На серебряной мерцающей глади зеркала видны ее глаза. Она сидит на стуле и смотрит на себя. А может в себя… сзади, зияющим черным ртом раскрыт коридор, у которого, кажется, нет конца. С кухни бьет лунный свет, нежно обволакивая все ее черты лица и изгибы тела, покрывая его искусными узорами тени и полумрачного света…
Она, обнаженная, притягивающее пахнущая чем-то хрупким и обретенным, но вновь потерянным, пахнущая полумраком, вином собственных воспоминаний и пьянящем запахом томного, еле слышного и нежного желания, пахнущая отчаянием. Она будто приготовилась для него, и нежно проводя таинственной спиралью розового бутона кремового цвета по изгибам своего изящного тела, еле тлеющего тем огнем, что был раньше.
Черные волосы ниспадают темными и замысловатыми завитками на спину и круглые линии груди, изящно обвивая шею и безразлично прикрывая половину левого глаза миндальной формы. Ее каре-оливкового цвета глаза во тьме кажутся неистово черными и такими глубоко таящими боль, которая волнами выходит из ее сердца и глухо ударяясь о скалу здравомыслия, тупо бьет в висках, в голове, в груди, ногах и руках, везде…
- Его больше нет.
- Его больше нет рядом с тобой, - поправило зеркало.
- Нет. Его больше нет, если он не рядом со мной.
- Чушь. Он же часть тебя, значит он в тебе, и будет всегда с тобой.
- Нет. Он сам убил свою часть во мне. Его больше нет во мне. И меня больше нет. Потому что его нет. Во мне. Тут. В сердце. Он все это маленькое время был так незабываем, таким последним, как предсмертный вздох перед вечным забвением, как последний луч заката перед длинной темной ночью, как последняя капля влаги, которой насыщаешься, полностью вкусив ее сладость и неповторимость, ощутив ту острую потребность в том, что вот-вот закончиться, и уж боле не вернется.
- В тебе проснулся поэт, - иронично бросило зеркало.
- Он играл на мне, как бог играет жизнью. Он знал, куда нужно дотронуться, чтоб заиграли именно эти ноты, он играл на мне музыку сфер. Он был больше, чем банальные жизнь и смерть, и меньше чем взгляд прохожего. Он был тем огромным куском неба, которым я дышала, он подарил мне мир, лишь показав отражение мира в его глазах. Он открыл меня и выпустил из меня мою свободу, дав ей лететь ввысь и в глубины его вселенной и моих миров. Он отдал мне все ключи от всех его дверей, но он ушел, забрав все это у меня вместе со мной собой, и я потеряла все ключи, а главное я потеряла ключ от самой себя.
- Пора вернуться домой…
- Я никогда туда не вернусь. Я забыла дорогу. Я ушла искать. Чтобы никогда не найти. Я потеряла, чтобы никогда вновь не обрести. От меня не осталось ничего, кроме моих воспоминаний и бесполезного тела.
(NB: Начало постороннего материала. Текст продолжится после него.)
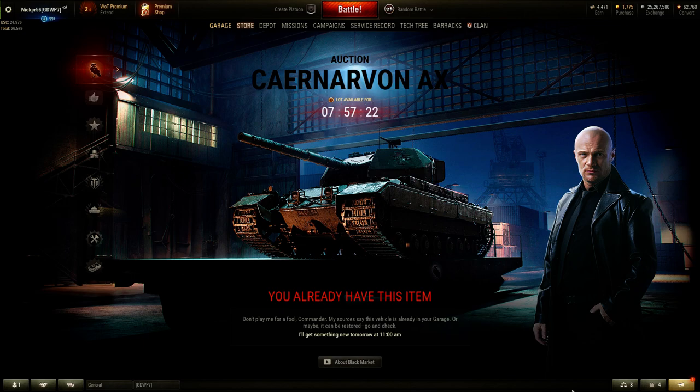Hey guys, it's Yeager262 and welcome back to the channel. As you can see, the Black Market event in World of Tanks is back. I actually haven't been on World of Tanks in a really long time and I had no idea this was happening. I hadn't heard any news about it until three days ago when a viewer and subscriber reminded me and gave me a shout out to look for it.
- Родись заново. Родись заново, чтобы найти. И просто посмотреть в глаза. Ничего не спрашивая, не желая, не любя. И решить, а достоин ли он был твоей смерти…
- А ты знаешь, как он выглядел, когда он ворвался в меня босым в окровавленном пиджаке и с трубкой для аппарата для поддержания жизни?... молчишь. Он спасал своего ребенка. Но не смог. Ему не разрешили. Просто взяли и вышвырнули из палаты. Он сидел возле моей кровати и рассказывал о том, как он любит свою дочь, как им было хорошо вместе, как они поддерживали друг друга после смерти ее матери. Он рассказывал, как он пришел ее проведать, как рассказывал ей смешную историю, и тут она начала кашлять, захлебываться собственной кровью. Он видел, как его единственная надежда в жизни, единственный смысл умирал, как девочка мучалась, ее боль была осязаема для него… он судорожно плакал и хватал воздух ртом, рассказывая все это, на полу образовывалась светло розовая лужица и кафель становился ледяным, обжигающим ноги, из-за его слов, они били тупыми звуками по осознанию.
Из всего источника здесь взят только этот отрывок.